The Making of Effective awk Programming
by Arnold Robbins, author of Effective awk Programming, 3rd Edition11/01/2002
Editor's note: Arnold Robbins has been an O'Reilly author for more than eight years, authoring or coauthoring some of its best-selling, most enduring titles, including the sixth edition of Learning the vi Editor, the third edition of Unix in a Nutshell: System V Edition, the second edition of sed & awk, and the second edition of Learning the Korn Shell.
|
Related Reading
Effective awk Programming |
In all that time, he's learned a thing or two about the O'Reilly book production process. But when he was ready to update Effective awk Programming he wanted to use the Texinfo markup language. O'Reilly production prefers authors use the DocBook markup language. Arnold compromised by agreeing to manage the conversion process for the final production of his book. In this article, he chronicles the challenges he faced translating his book from Texinfo to DocBook. The breadth of technical detail and the extensive code examples he provides here offer unique insight into one author's experience working with O'Reilly's book production department to create a book.
Introduction
O'Reilly & Associates published the third edition of
Effective awk Programming in May 2001. The book provides thorough coverage of the awk programming language,
as standardized by the IEEE POSIX standard for portable operating
system applications. This standard is based on Unix and its utilities.
Effective awk Programming also doubles as the user's guide for GNU awk
(known as gawk), explaining the extensions and features that
are unique to gawk. It includes a wealth of sample programs and
library functions that demonstrate good awk programming style.

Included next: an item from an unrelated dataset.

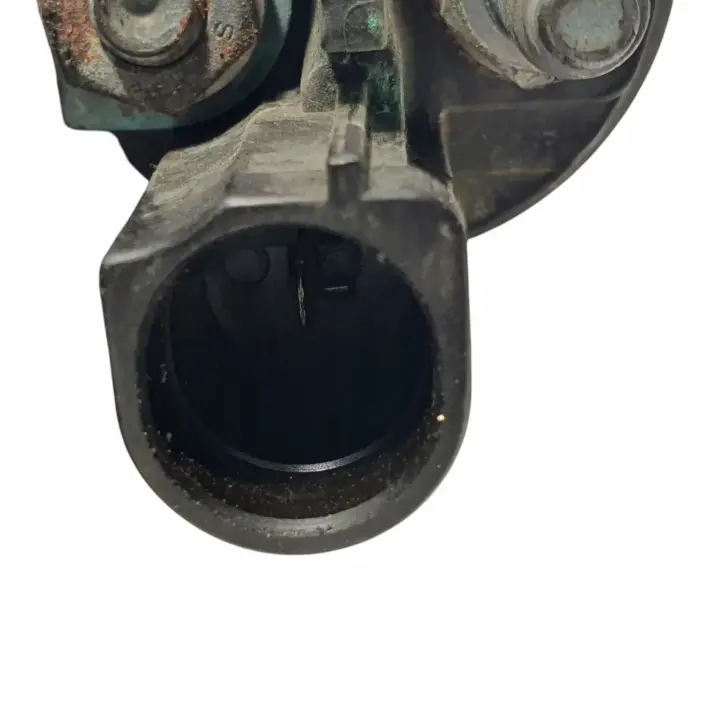 6176c13c450074453499afae78147565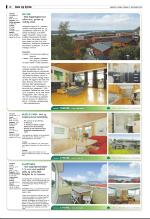 bergenstidende_husoghjem-20070921_000_00_00_026.pdf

gawk is the standard version of awk on GNU/Linux
and most BSD-based systems. It is also popular on commercial Unix and
Windows systems because it has a number of useful extensions,
and because it can handle large data sets (records with hundreds or
thousands of fields, arrays with thousands of elements) that often cause
other implementations to give up. The third edition of Effective awk Programming describes the current version of gawk, 3.1.

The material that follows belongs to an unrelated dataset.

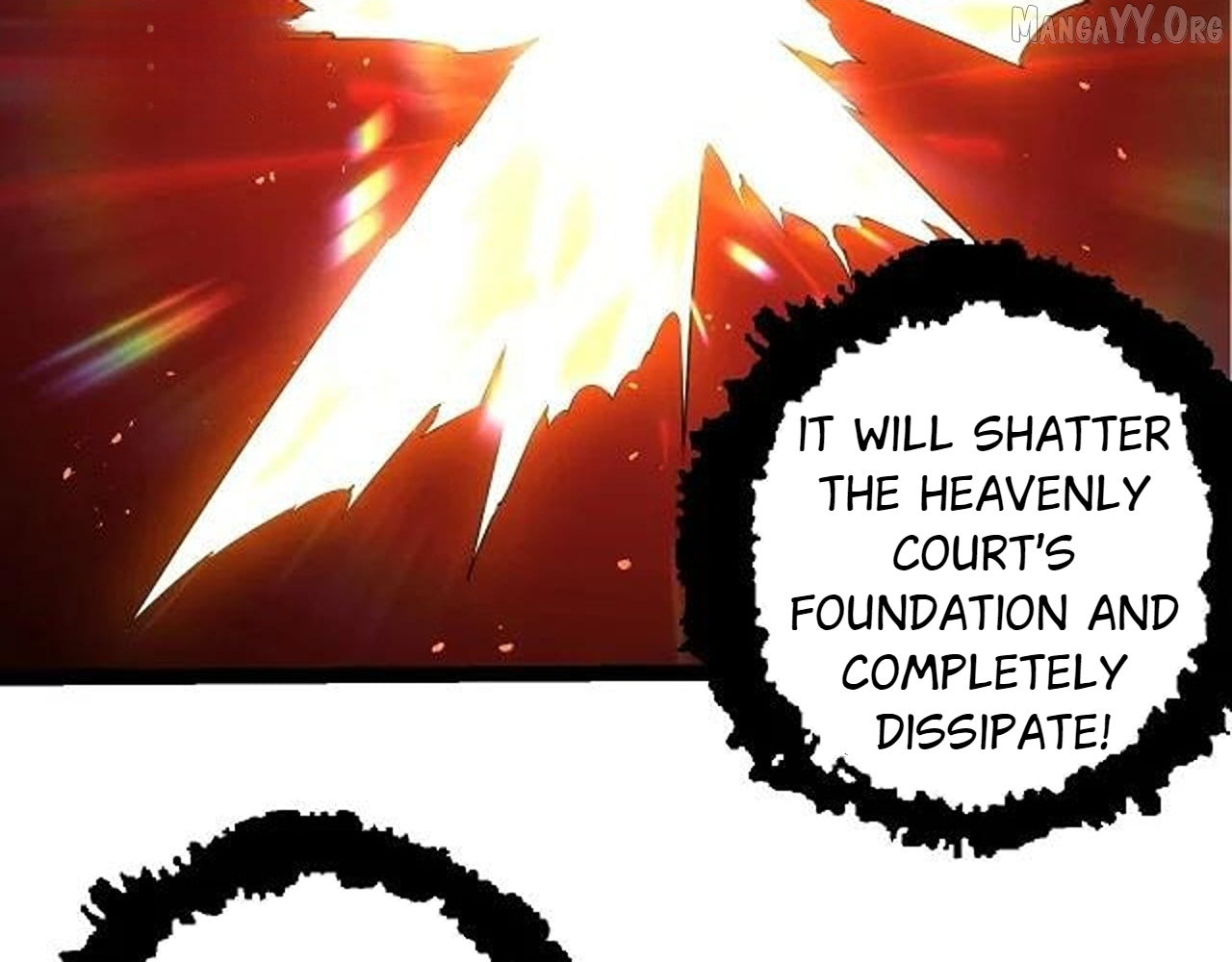 Manga page 75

The GNU project uses the Texinfo markup language for all of its documentation. Texinfo is a pleasant markup language in which to work. It is semantically driven: you markup what something is, not how to print it; it allows easy nesting of different constructs; it is not as painful to type as HTML or DocBook XML; and it provides for translation into multiple output formats.
Printed documents may be generated directly from Texinfo input
files by using TeX. The Texinfo distribution includes the file
texinfo.tex, which is a set of TeX macros that directly
implement the Texinfo language, and scripts for running TeX.
Other output formats are generated by the makeinfo program,
which is a rather large and complicated C program that knows how to
produce GNU Info, HTML, and these days, DocBook XML.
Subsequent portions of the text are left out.